Task requirements -
Repeat the listing in full, word for word.

Material to process -
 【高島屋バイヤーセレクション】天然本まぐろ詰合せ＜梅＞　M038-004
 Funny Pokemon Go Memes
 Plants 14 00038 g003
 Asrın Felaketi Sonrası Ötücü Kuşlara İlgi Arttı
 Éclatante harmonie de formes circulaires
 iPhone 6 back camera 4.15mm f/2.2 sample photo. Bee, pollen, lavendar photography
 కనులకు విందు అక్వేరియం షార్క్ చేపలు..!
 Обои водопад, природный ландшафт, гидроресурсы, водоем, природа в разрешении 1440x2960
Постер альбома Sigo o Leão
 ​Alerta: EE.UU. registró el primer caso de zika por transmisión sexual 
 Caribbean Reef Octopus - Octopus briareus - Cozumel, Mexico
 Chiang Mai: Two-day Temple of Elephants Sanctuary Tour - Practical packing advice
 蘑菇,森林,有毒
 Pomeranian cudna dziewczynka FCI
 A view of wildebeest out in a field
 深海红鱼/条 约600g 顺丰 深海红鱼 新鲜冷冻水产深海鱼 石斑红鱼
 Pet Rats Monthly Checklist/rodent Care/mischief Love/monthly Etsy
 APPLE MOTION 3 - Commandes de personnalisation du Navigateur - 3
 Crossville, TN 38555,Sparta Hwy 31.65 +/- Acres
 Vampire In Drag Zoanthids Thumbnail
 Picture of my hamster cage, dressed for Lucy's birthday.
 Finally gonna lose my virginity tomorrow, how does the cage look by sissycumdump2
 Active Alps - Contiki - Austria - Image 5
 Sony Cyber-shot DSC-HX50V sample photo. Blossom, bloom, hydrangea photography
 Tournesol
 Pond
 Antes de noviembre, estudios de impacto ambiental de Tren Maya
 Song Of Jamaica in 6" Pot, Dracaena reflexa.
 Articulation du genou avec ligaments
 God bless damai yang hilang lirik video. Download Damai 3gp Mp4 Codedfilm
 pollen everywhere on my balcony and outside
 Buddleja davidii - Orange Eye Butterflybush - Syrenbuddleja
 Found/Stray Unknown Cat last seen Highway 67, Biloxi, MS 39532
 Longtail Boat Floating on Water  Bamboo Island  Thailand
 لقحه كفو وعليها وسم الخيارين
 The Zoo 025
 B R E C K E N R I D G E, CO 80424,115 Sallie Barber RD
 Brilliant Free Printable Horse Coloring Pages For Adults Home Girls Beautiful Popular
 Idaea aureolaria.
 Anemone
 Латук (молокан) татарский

Result below -
 【高島屋バイヤーセレクション】天然本まぐろ詰合せ＜梅＞　M038-004
 Funny Pokemon Go Memes
 Plants 14 00038 g003
 Asrın Felaketi Sonrası Ötücü Kuşlara İlgi Arttı
 Éclatante harmonie de formes circulaires
 iPhone 6 back camera 4.15mm f/2.2 sample photo. Bee, pollen, lavendar photography
 కనులకు విందు అక్వేరియం షార్క్ చేపలు..!
 Обои водопад, природный ландшафт, гидроресурсы, водоем, природа в разрешении 1440x2960
Постер альбома Sigo o Leão
 ​Alerta: EE.UU. registró el primer caso de zika por transmisión sexual 
 Caribbean Reef Octopus - Octopus briareus - Cozumel, Mexico
 Chiang Mai: Two-day Temple of Elephants Sanctuary Tour - Practical packing advice
 蘑菇,森林,有毒
 Pomeranian cudna dziewczynka FCI
 A view of wildebeest out in a field
 深海红鱼/条 约600g 顺丰 深海红鱼 新鲜冷冻水产深海鱼 石斑红鱼
 Pet Rats Monthly Checklist/rodent Care/mischief Love/monthly Etsy
 APPLE MOTION 3 - Commandes de personnalisation du Navigateur - 3
 Crossville, TN 38555,Sparta Hwy 31.65 +/- Acres
 Vampire In Drag Zoanthids Thumbnail
 Picture of my hamster cage, dressed for Lucy's birthday.
 Finally gonna lose my virginity tomorrow, how does the cage look by sissycumdump2
 Active Alps - Contiki - Austria - Image 5
 Sony Cyber-shot DSC-HX50V sample photo. Blossom, bloom, hydrangea photography
 Tournesol
 Pond
 Antes de noviembre, estudios de impacto ambiental de Tren Maya
 Song Of Jamaica in 6" Pot, Dracaena reflexa.
 Articulation du genou avec ligaments
 God bless damai yang hilang lirik video. Download Damai 3gp Mp4 Codedfilm
 pollen everywhere on my balcony and outside
 Buddleja davidii - Orange Eye Butterflybush - Syrenbuddleja
 Found/Stray Unknown Cat last seen Highway 67, Biloxi, MS 39532
 Longtail Boat Floating on Water  Bamboo Island  Thailand
 لقحه كفو وعليها وسم الخيارين
 The Zoo 025
 B R E C K E N R I D G E, CO 80424,115 Sallie Barber RD
 Brilliant Free Printable Horse Coloring Pages For Adults Home Girls Beautiful Popular
 Idaea aureolaria.
 Anemone
 Латук (молокан) татарский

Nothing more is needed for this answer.